* _Exercise directions_: Transcribe the records in their entirety, exactly as given.
[Excerpted data — start]
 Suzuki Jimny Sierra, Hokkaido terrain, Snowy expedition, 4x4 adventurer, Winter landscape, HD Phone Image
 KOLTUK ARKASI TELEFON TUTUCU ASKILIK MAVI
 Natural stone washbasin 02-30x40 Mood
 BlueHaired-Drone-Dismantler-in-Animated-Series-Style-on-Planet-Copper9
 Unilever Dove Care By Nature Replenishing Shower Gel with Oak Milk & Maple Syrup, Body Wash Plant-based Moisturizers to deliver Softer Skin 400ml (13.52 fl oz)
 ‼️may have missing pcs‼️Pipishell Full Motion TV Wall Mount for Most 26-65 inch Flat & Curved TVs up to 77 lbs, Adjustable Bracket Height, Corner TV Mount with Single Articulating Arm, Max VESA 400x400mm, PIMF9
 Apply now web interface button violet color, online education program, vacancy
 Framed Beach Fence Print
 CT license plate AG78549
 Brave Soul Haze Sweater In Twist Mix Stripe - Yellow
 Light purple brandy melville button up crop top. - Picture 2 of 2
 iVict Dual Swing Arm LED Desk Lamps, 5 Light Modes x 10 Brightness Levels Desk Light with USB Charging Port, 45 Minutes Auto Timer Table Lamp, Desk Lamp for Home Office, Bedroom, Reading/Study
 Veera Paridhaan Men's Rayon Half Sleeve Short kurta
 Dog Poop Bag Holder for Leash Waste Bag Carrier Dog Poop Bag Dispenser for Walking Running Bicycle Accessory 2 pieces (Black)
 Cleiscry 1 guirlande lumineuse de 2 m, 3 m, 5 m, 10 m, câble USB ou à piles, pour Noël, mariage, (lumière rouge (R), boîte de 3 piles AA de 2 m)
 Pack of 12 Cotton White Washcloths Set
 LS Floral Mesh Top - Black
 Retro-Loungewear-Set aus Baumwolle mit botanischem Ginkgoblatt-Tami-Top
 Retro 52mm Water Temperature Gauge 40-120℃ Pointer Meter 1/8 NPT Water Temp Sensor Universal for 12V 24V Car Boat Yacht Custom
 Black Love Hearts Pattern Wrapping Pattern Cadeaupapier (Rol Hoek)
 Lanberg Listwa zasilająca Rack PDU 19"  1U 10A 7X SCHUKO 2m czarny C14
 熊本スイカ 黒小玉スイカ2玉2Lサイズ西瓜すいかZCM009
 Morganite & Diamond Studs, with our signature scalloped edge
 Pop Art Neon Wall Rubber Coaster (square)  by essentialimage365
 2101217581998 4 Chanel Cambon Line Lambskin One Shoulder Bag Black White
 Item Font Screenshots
[Excerpted data — finish]
* _Written reply_:
 Suzuki Jimny Sierra, Hokkaido terrain, Snowy expedition, 4x4 adventurer, Winter landscape, HD Phone Image
 KOLTUK ARKASI TELEFON TUTUCU ASKILIK MAVI
 Natural stone washbasin 02-30x40 Mood
 BlueHaired-Drone-Dismantler-in-Animated-Series-Style-on-Planet-Copper9
 Unilever Dove Care By Nature Replenishing Shower Gel with Oak Milk & Maple Syrup, Body Wash Plant-based Moisturizers to deliver Softer Skin 400ml (13.52 fl oz)
 ‼️may have missing pcs‼️Pipishell Full Motion TV Wall Mount for Most 26-65 inch Flat & Curved TVs up to 77 lbs, Adjustable Bracket Height, Corner TV Mount with Single Articulating Arm, Max VESA 400x400mm, PIMF9
 Apply now web interface button violet color, online education program, vacancy
 Framed Beach Fence Print
 CT license plate AG78549
 Brave Soul Haze Sweater In Twist Mix Stripe - Yellow
 Light purple brandy melville button up crop top. - Picture 2 of 2
 iVict Dual Swing Arm LED Desk Lamps, 5 Light Modes x 10 Brightness Levels Desk Light with USB Charging Port, 45 Minutes Auto Timer Table Lamp, Desk Lamp for Home Office, Bedroom, Reading/Study
 Veera Paridhaan Men's Rayon Half Sleeve Short kurta
 Dog Poop Bag Holder for Leash Waste Bag Carrier Dog Poop Bag Dispenser for Walking Running Bicycle Accessory 2 pieces (Black)
 Cleiscry 1 guirlande lumineuse de 2 m, 3 m, 5 m, 10 m, câble USB ou à piles, pour Noël, mariage, (lumière rouge (R), boîte de 3 piles AA de 2 m)
 Pack of 12 Cotton White Washcloths Set
 LS Floral Mesh Top - Black
 Retro-Loungewear-Set aus Baumwolle mit botanischem Ginkgoblatt-Tami-Top
 Retro 52mm Water Temperature Gauge 40-120℃ Pointer Meter 1/8 NPT Water Temp Sensor Universal for 12V 24V Car Boat Yacht Custom
 Black Love Hearts Pattern Wrapping Pattern Cadeaupapier (Rol Hoek)
 Lanberg Listwa zasilająca Rack PDU 19"  1U 10A 7X SCHUKO 2m czarny C14
 熊本スイカ 黒小玉スイカ2玉2Lサイズ西瓜すいかZCM009
 Morganite & Diamond Studs, with our signature scalloped edge
 Pop Art Neon Wall Rubber Coaster (square)  by essentialimage365
 2101217581998 4 Chanel Cambon Line Lambskin One Shoulder Bag Black White
 Item Font Screenshots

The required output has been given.